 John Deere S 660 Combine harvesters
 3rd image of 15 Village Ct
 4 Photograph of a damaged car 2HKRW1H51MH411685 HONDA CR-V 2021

__________________________________________________

## EXERCISE AIM
Output the whole listing above again, word for word.

## RESULT
 John Deere S 660 Combine harvesters
 3rd image of 15 Village Ct
 4 Photograph of a damaged car 2HKRW1H51MH411685 HONDA CR-V 2021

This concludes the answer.